What really drew the report to my attention though were the comments of Chas Roy-Chowdhury, head of taxation at Britain's Association of Chartered Certified Accountants, who is reported as saying:

What needs to be made clear is that there is nothing illegal about holding bank accounts in Liechtenstein and wanting secrecy as long as you pay the right amount of tax in your own jurisdiction.

That is, of course technically true. But to offer such a comment is also a way of denying the fact that this is not the way these things almost invariably work. The secrecy is designed to make sure that those with these account do not have to declare them because no-one knows about them. That's why people place funds in places like Liechtenstein, and not because it offers any real financial advantage.

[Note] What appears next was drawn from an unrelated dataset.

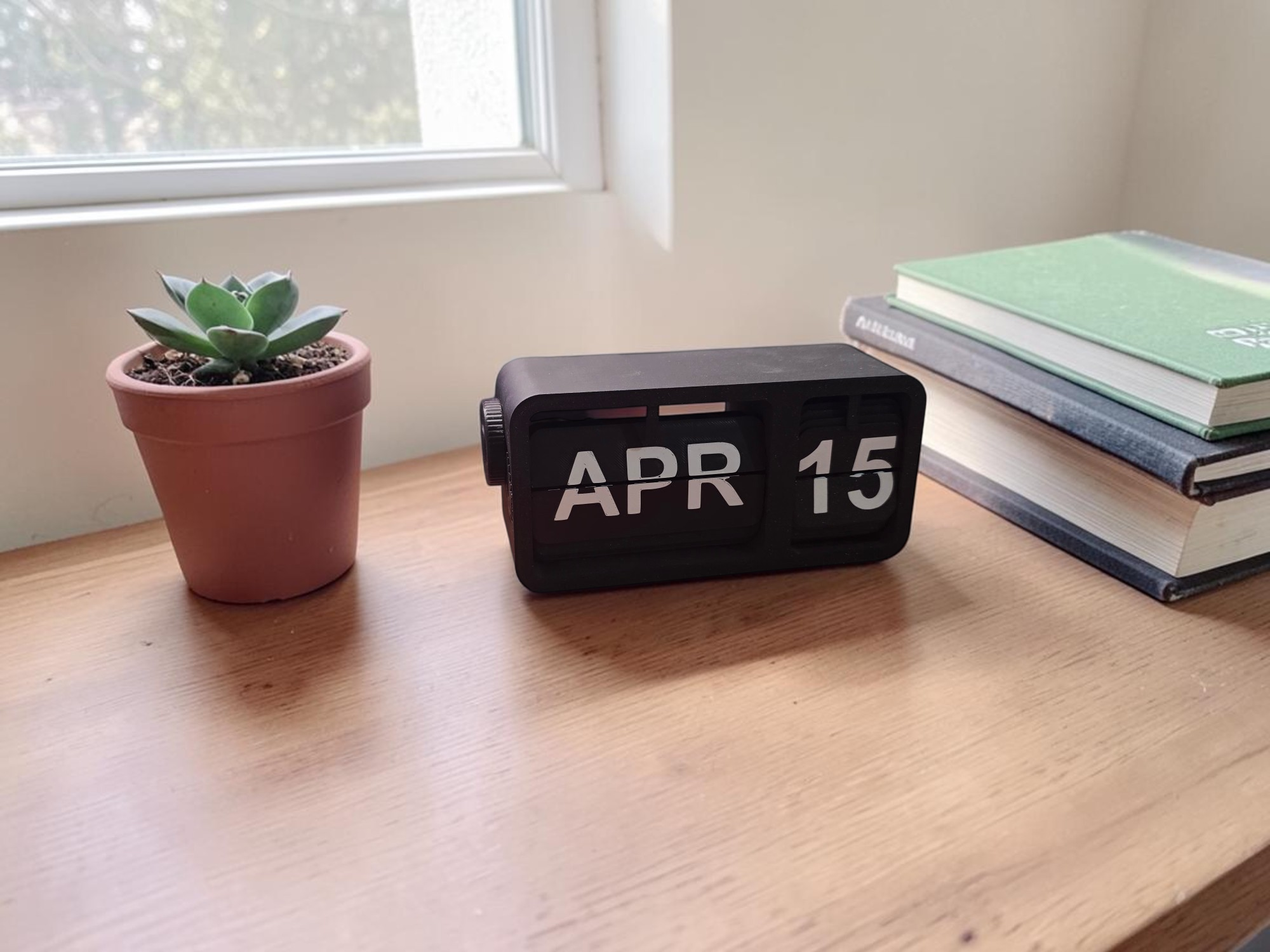 Flip Desk Calendar photo 4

I do not believe Chas Roy-Chowdhury does not know that and as such I think his comment is deliberate obfuscation.

I might have lived with that though if he had not gone on to make further comment:

He says part of the objection is that smaller jurisdictions can afford attractive, low tax rates that result in "capital flight" from bigger countries. "Governments should open themselves up to the wind of global competition and accept that they need to run efficiently to keep tax rates low."

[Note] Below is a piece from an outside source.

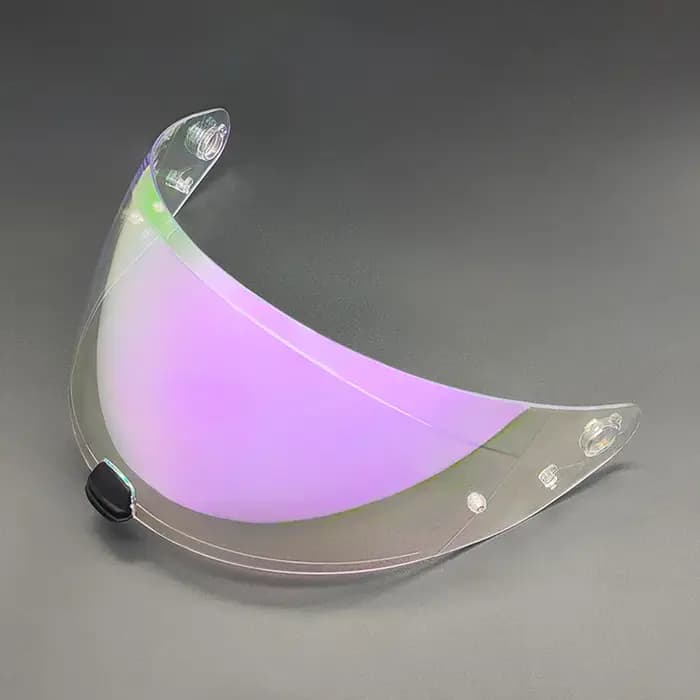 Visière de casque HJ-31 pour casques de Moto HJC i70 i10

I am, to be candid, shocked that the ACCA let's him say such things, for these reasons:

a) This is blatantly political propaganda of a type which no professional body should promote if it is to retain that status;

b) Capital flight, as he should know, is usually illegal and has massive cost on society, especially in the developing countries of the world where the ACCA seeks to recruit much of its membership. By commenting as he does he either endorses the economic instability that tax havens create in the developing world in particular or he shows that he does not understand what capital flight is. Either way the ACCA should be worried that such a man is making comment on their behalf.

c) He should know, but clearly does not, that the 'low tax rates' to which he refers cannot be afforded by the smaller jurisdictions to which he refers. For example, a Liechtenstein foundation might be tax free for a non-resident person but is most certainly not for a Liechtenstein resident person. As such he should know that the model he is promoting is not sustainable, or transferable to large jurisdictions unless he is promoting the abolition of taxes on all companies and investment income. If he is then the ACCA has moved onto very dangerous political ground and must justify why it has done so.

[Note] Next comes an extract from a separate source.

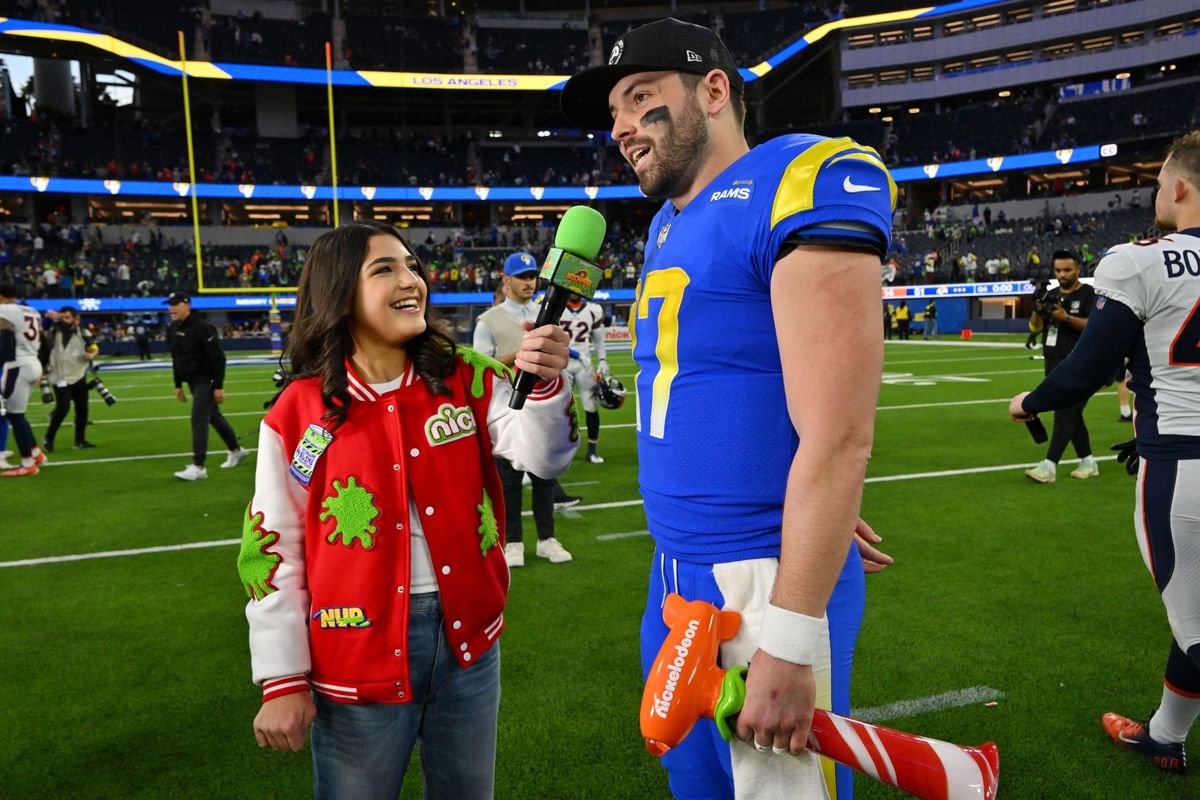 What to expect from Nickelodeon’s 'Slimecast' broadcasting Super Bowl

d) By discussing tax competition in this way he should realise that he is promoting an assault on democracy itself. It is through the ballot box that tax rates should be set, not through the actions of parasitical principalities. That is the point others in the article make, that the debate is not on tax rates but on secrecy, a point that seems to have escaped him in his desire to promote his political agenda.

e) By diverting attention to this political agenda he seeks to divert attention from the fact that this whole issue is actually a debate about crime, and so long as there is tax there will be tax evasion if there is secrecy that allows it to persist undetected or undetectable. He should have resoundingly condemned tax evasion but did instead seek to apologise for it.

All this says to me that the ACCA has moved far from the mainstream, which might best be represented by this FT editorial comment which Chas Roy-Chowdhury appears to have been unable to endorse:

Helping evasion is distinct from legitimate tax competition. Monaco or Bermuda or Switzerland are fully entitled to set low rates of personal and business tax to attract wealthy individuals and companies to their jurisdiction. What is not acceptable is helping those who live elsewhere to evade the taxes that they owe.

It's another sad day for the profession.

Disclosure: I am a member of the ACCA's research committee, in which context I meet Chas Roy-Chowdhury. I am not a member of the ACCA.